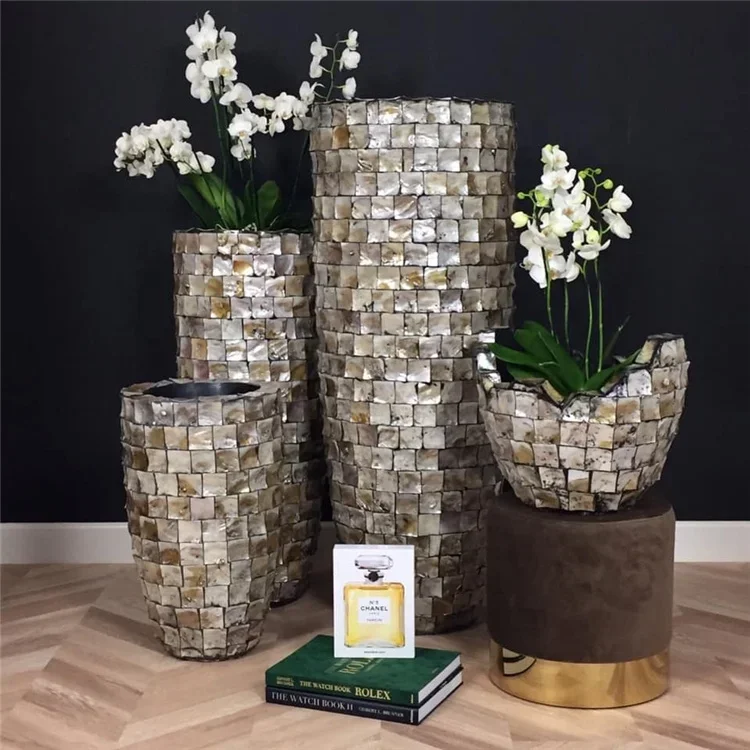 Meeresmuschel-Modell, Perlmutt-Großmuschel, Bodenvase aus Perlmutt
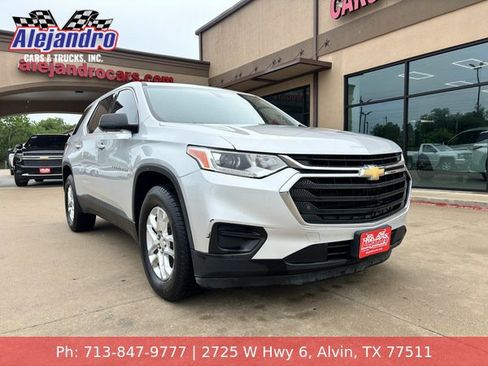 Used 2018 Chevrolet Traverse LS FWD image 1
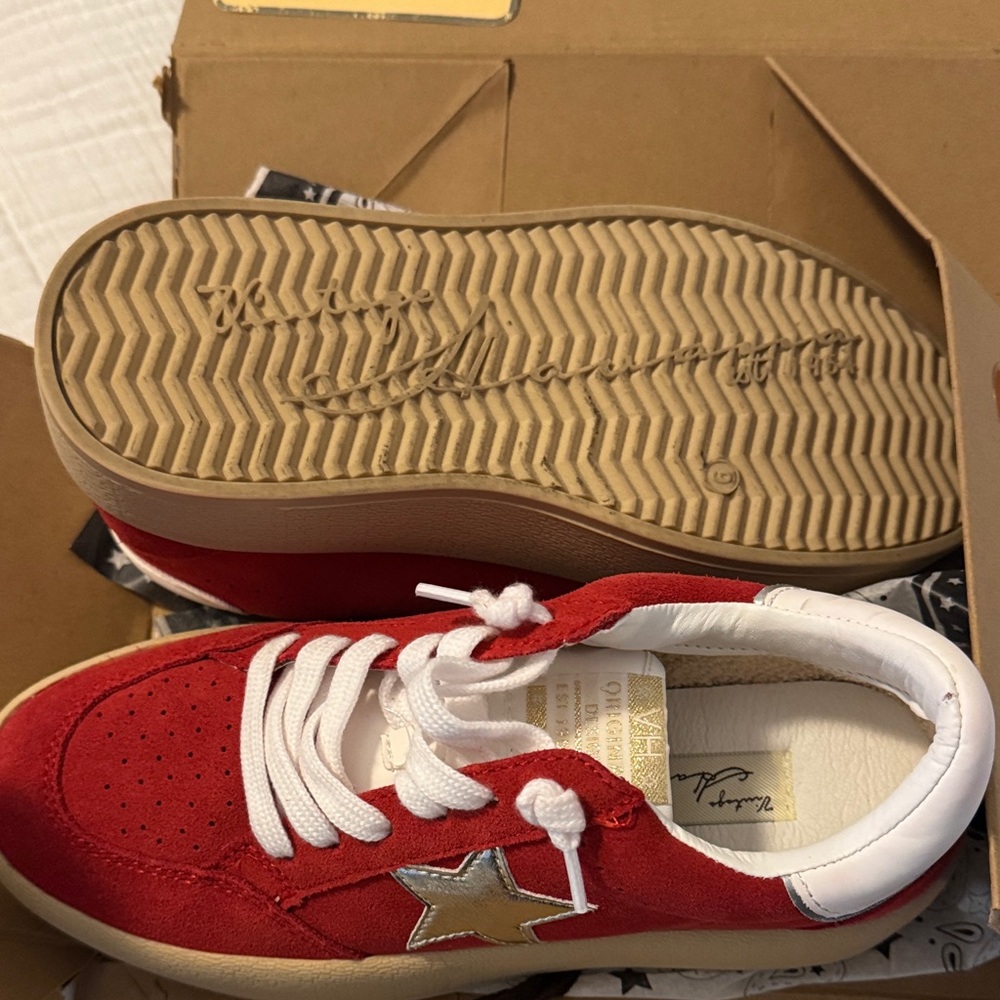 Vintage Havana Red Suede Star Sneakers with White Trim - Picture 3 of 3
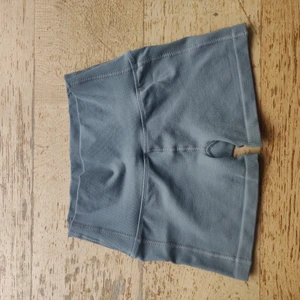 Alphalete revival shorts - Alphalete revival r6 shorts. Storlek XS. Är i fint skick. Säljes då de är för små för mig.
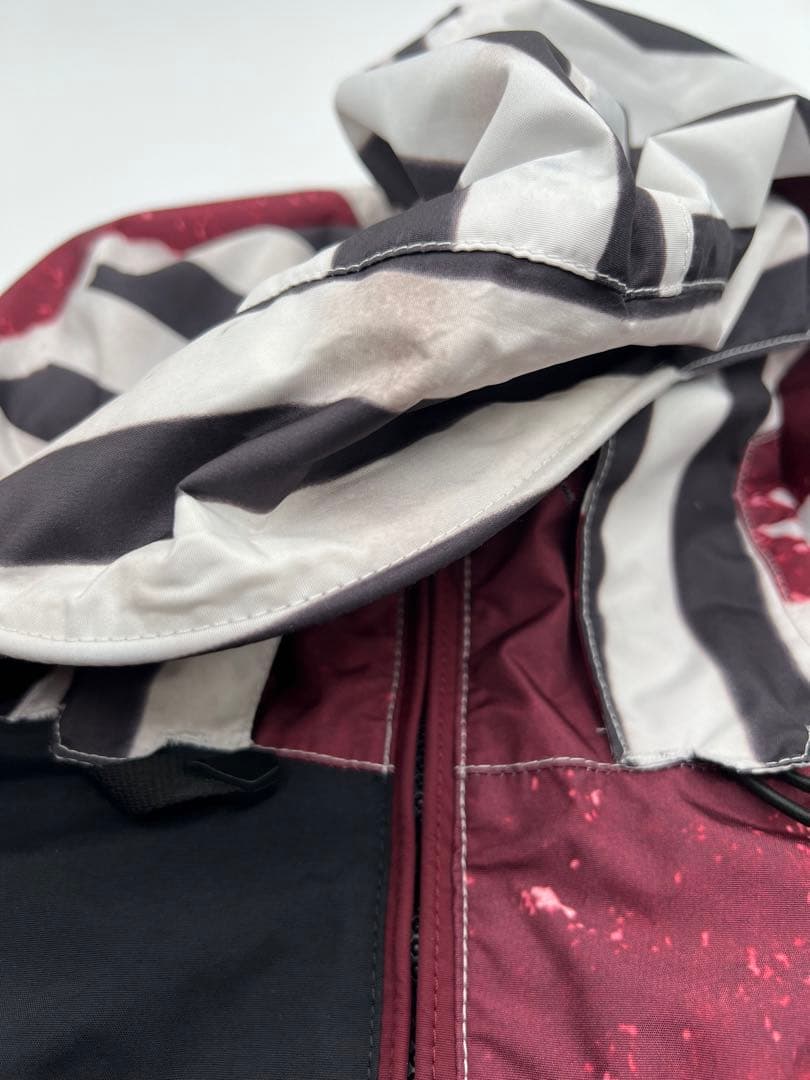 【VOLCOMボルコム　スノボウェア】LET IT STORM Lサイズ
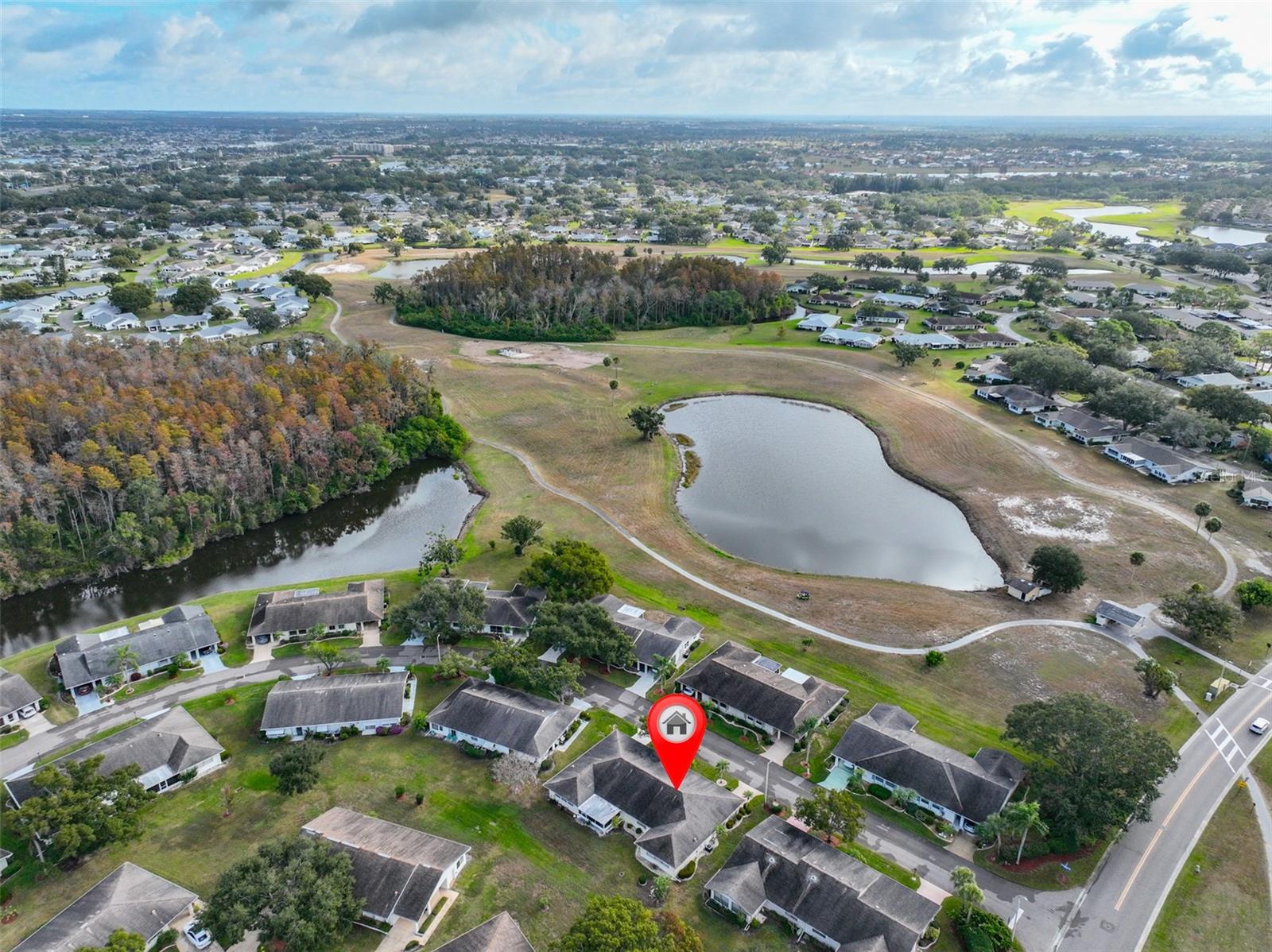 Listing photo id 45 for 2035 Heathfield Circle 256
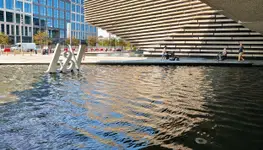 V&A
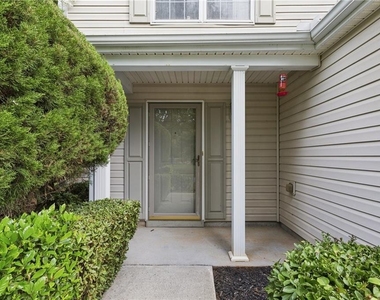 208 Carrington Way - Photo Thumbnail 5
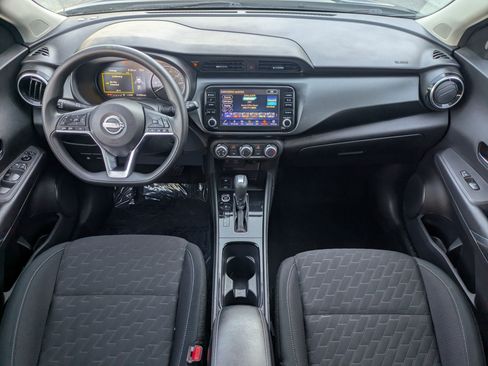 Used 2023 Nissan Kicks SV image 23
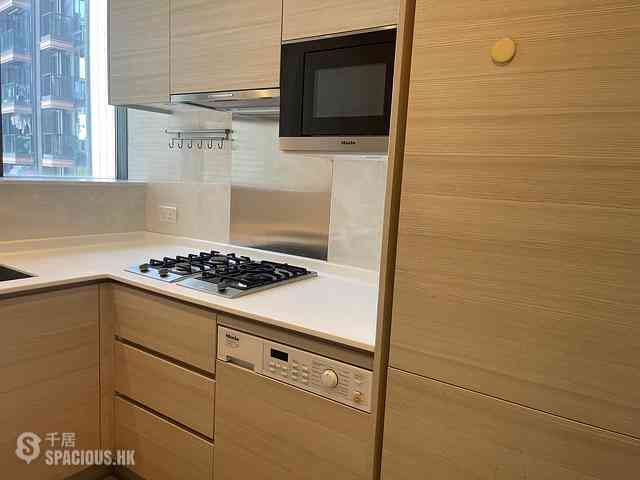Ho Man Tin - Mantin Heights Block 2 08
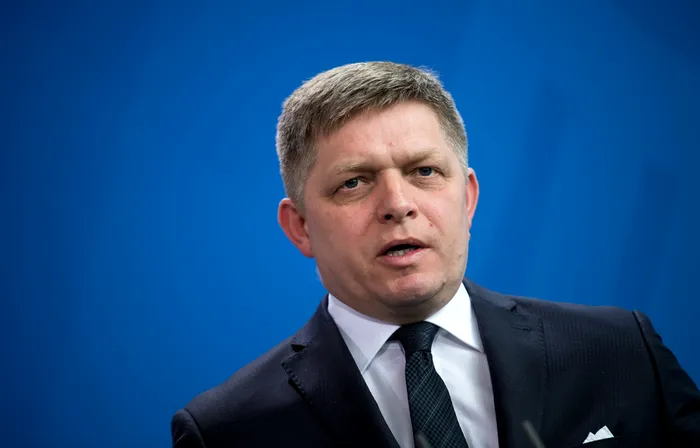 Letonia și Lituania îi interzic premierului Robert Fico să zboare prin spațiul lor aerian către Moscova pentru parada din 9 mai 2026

Your goal: Each line between the one holding "Vintage Havana Red" and the one holding "Ho Man Tin - Mantin Heights Block 2 08", inclusive, should be copied exactly as it appears above, and pictures should be omitted.

Task output:
 Vintage Havana Red Suede Star Sneakers with White Trim - Picture 3 of 3
 Alphalete revival shorts - Alphalete revival r6 shorts. Storlek XS. Är i fint skick. Säljes då de är för små för mig.
 【VOLCOMボルコム　スノボウェア】LET IT STORM Lサイズ
 Listing photo id 45 for 2035 Heathfield Circle 256
 V&A
 208 Carrington Way - Photo Thumbnail 5
 Used 2023 Nissan Kicks SV image 23
Ho Man Tin - Mantin Heights Block 2 08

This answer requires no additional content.